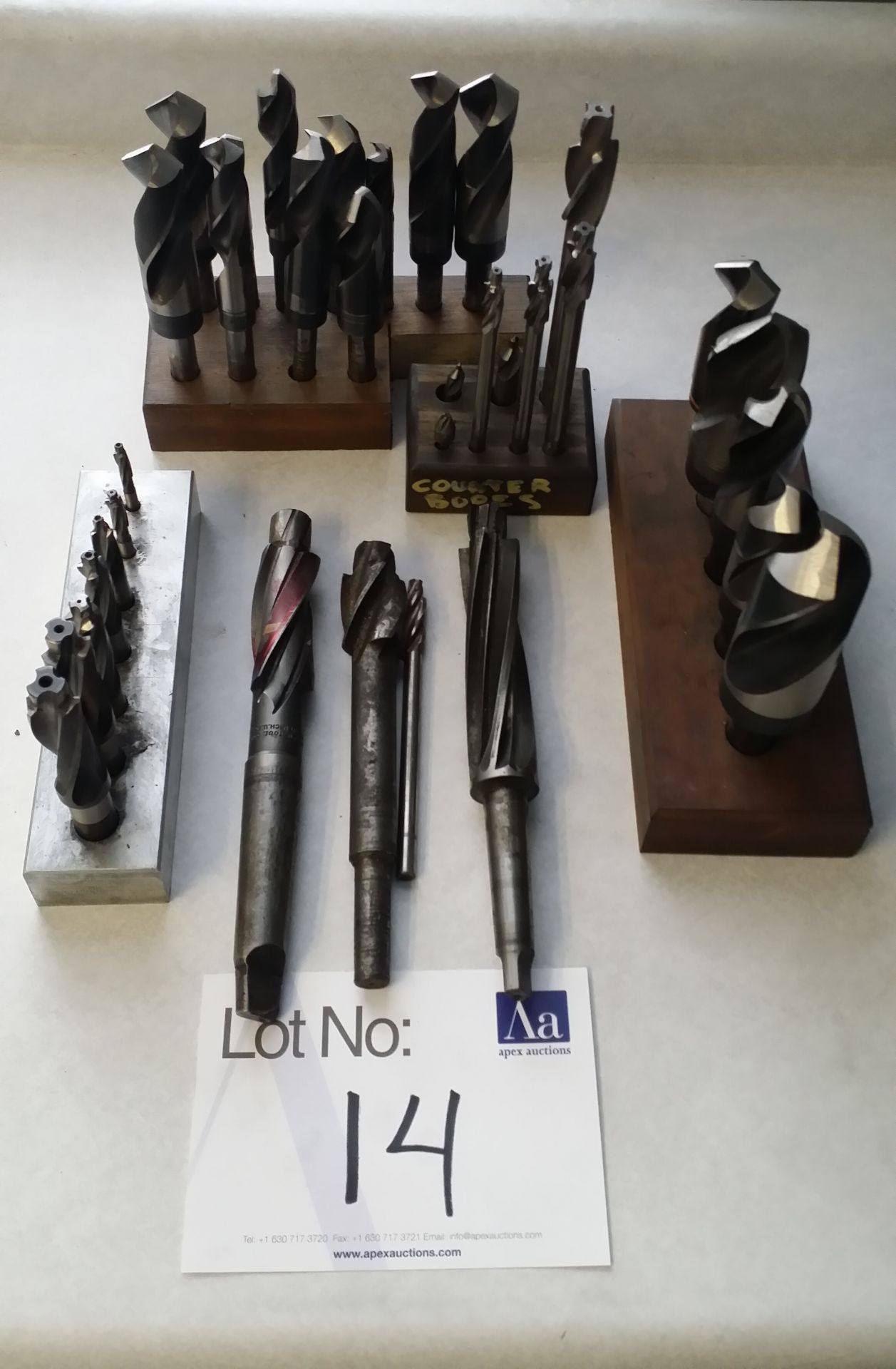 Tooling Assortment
# # #
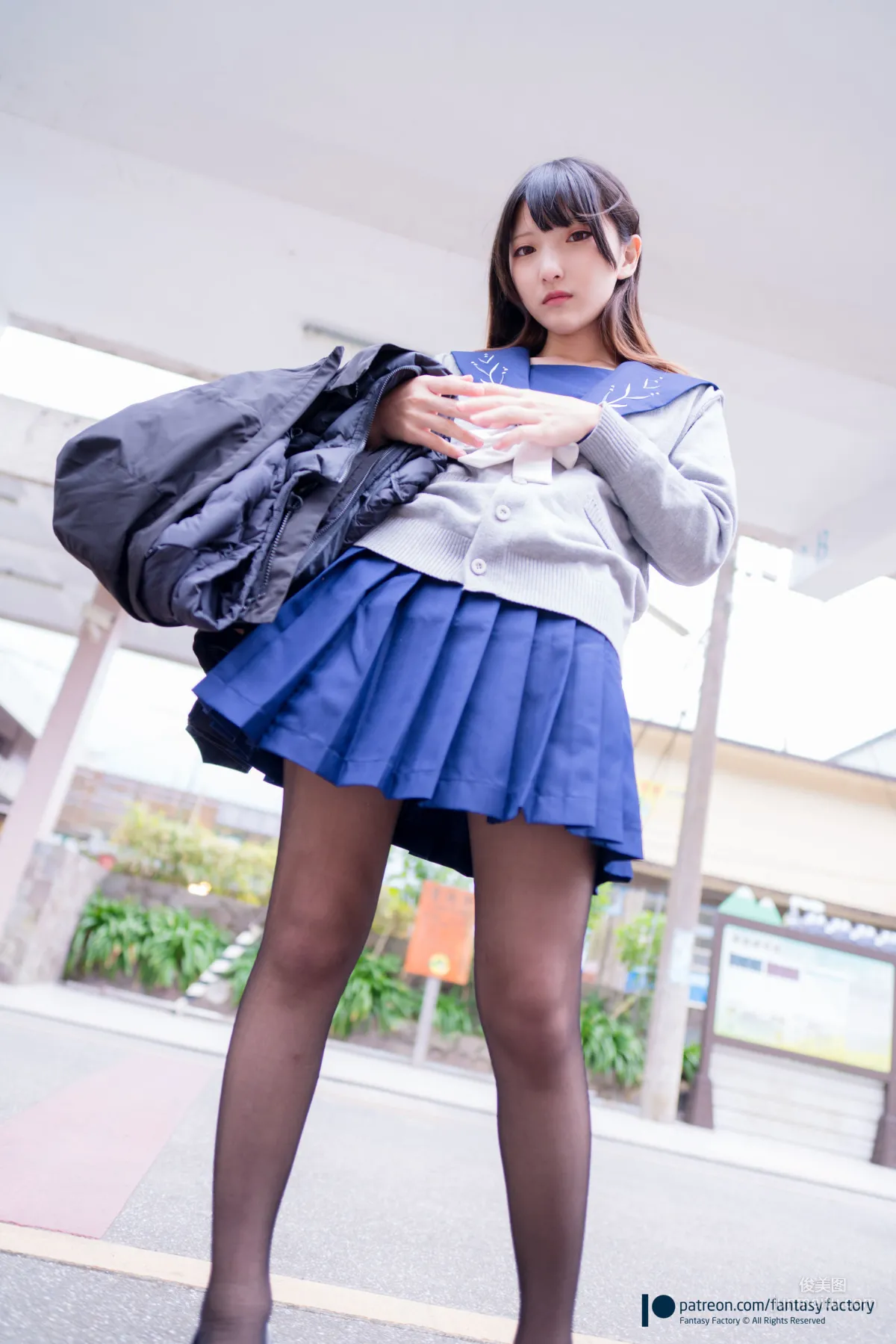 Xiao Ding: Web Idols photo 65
# # #
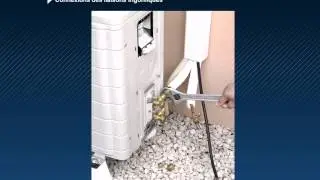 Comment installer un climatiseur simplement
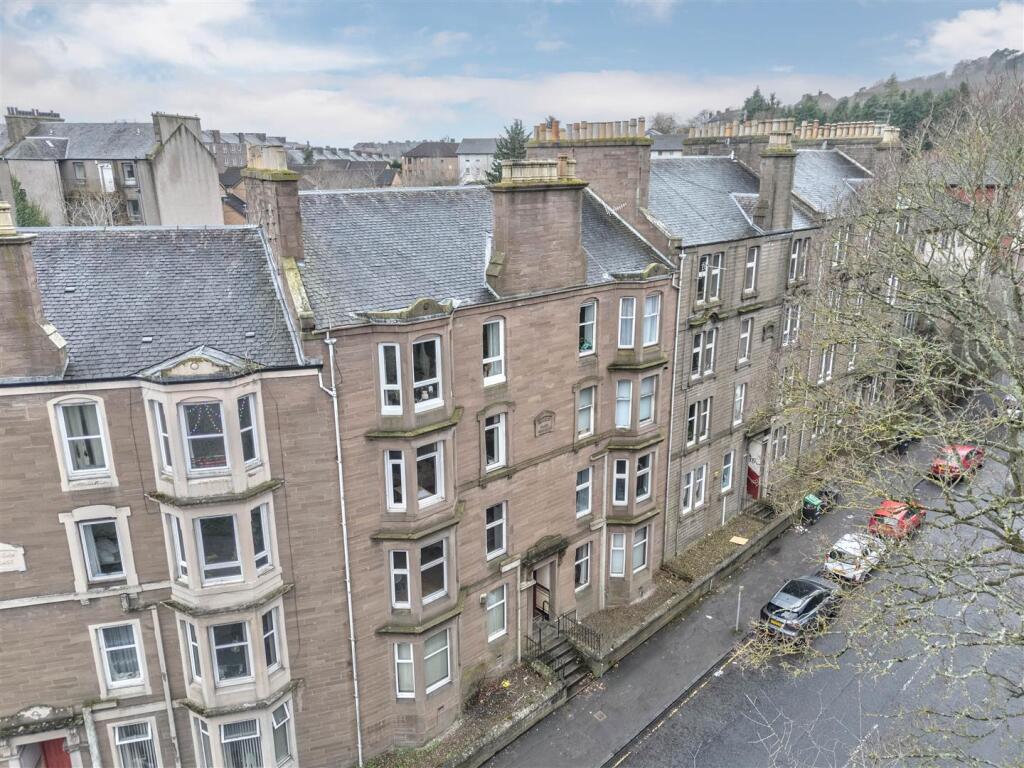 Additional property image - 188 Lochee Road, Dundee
# # #
What you have to do
Only the lines above starting with the line with "Comment installer un climatiseur simplement" and going on through the line with "Additional property image" belong in the answer; repeat them exactly, minus any picture.

Exercise answer
 Comment installer un climatiseur simplement
 Additional property image - 188 Lochee Road, Dundee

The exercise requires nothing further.